YOUR GOAL -
Reproduce, exactly and only, the lines of the data that follows from the one containing "Akro-Mils® 30930 Two-In-One" down to the one containing "Frame Denim Five-Pocket-Jeans", without pictures.

LISTED ENTRIES -
________________

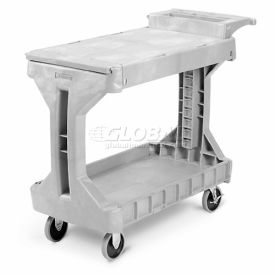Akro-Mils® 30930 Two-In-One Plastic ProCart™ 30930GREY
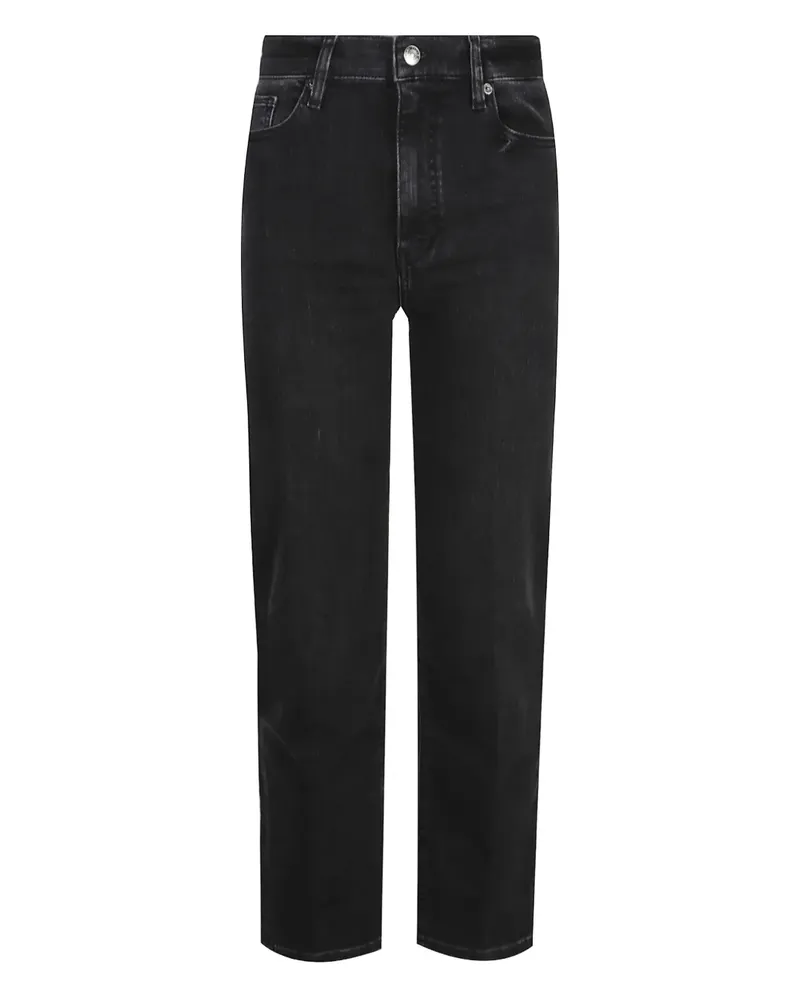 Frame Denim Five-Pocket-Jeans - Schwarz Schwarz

________________

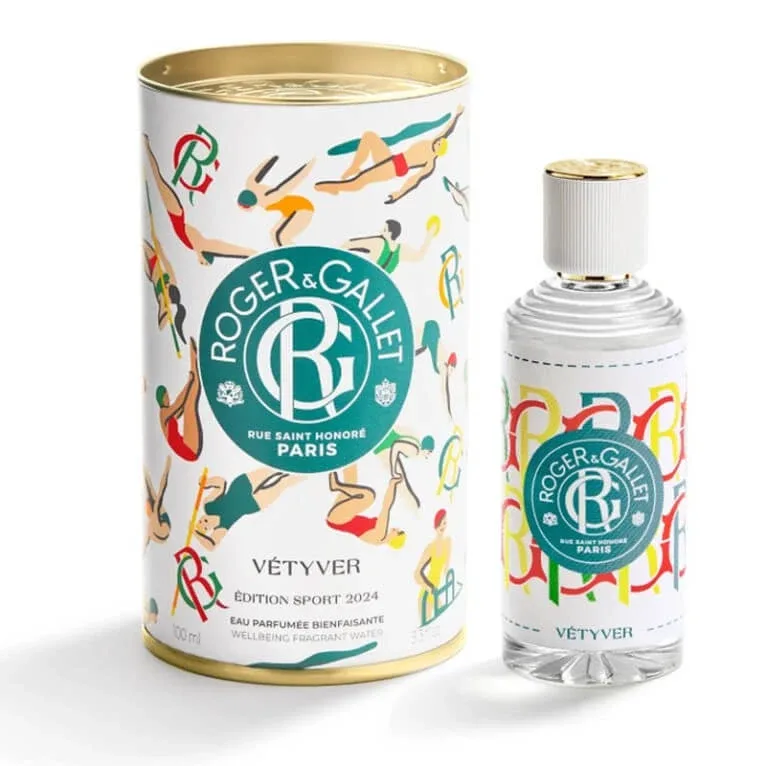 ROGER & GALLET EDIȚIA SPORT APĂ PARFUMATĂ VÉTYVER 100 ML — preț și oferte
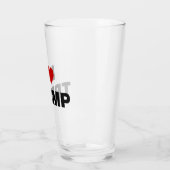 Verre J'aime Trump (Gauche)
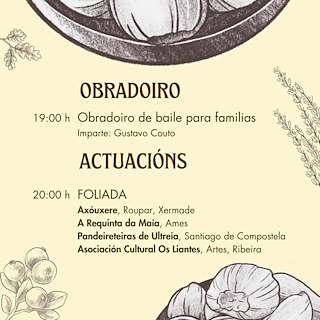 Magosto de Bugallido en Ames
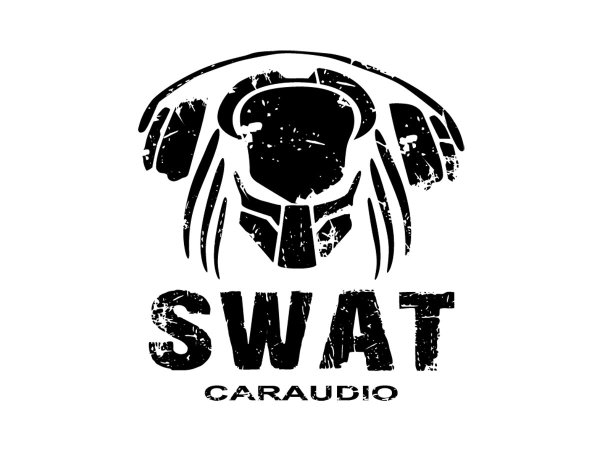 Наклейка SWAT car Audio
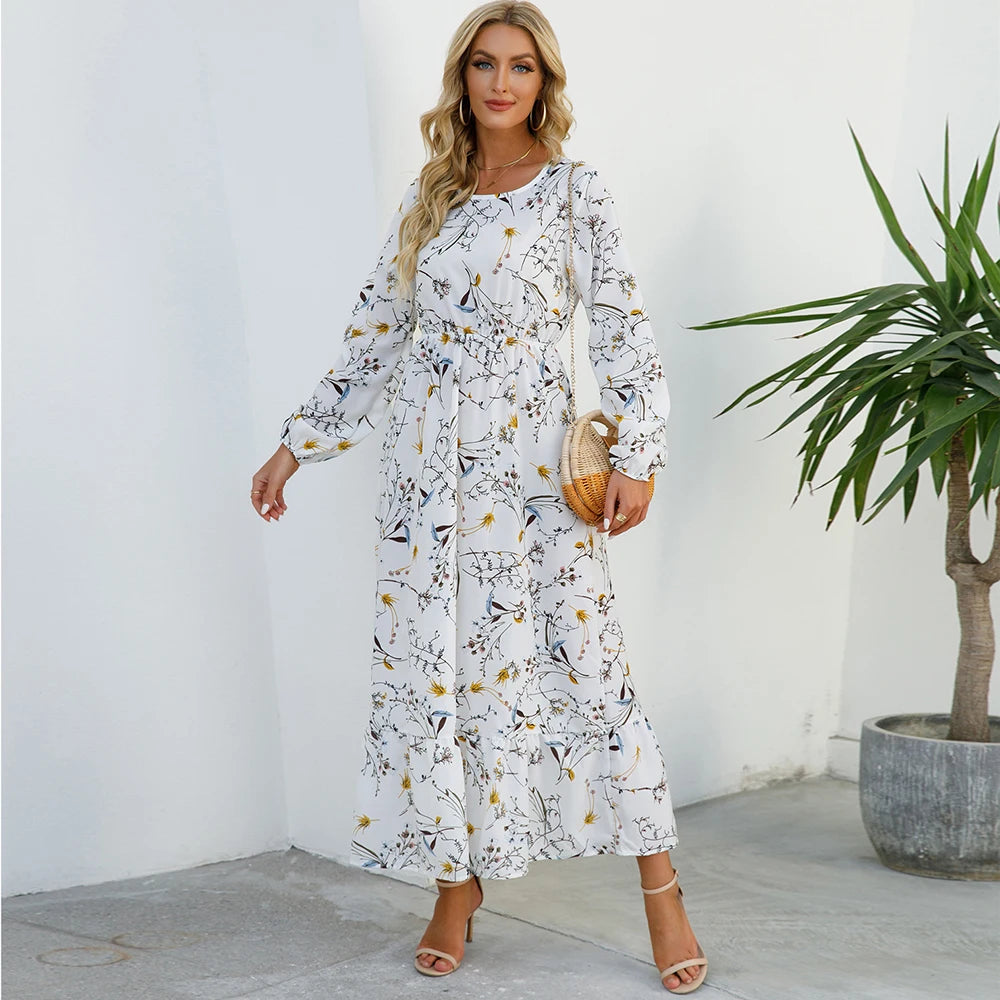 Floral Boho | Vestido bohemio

________________

EXERCISE RESPONSE -
Akro-Mils® 30930 Two-In-One Plastic ProCart™ 30930GREY
 Frame Denim Five-Pocket-Jeans - Schwarz Schwarz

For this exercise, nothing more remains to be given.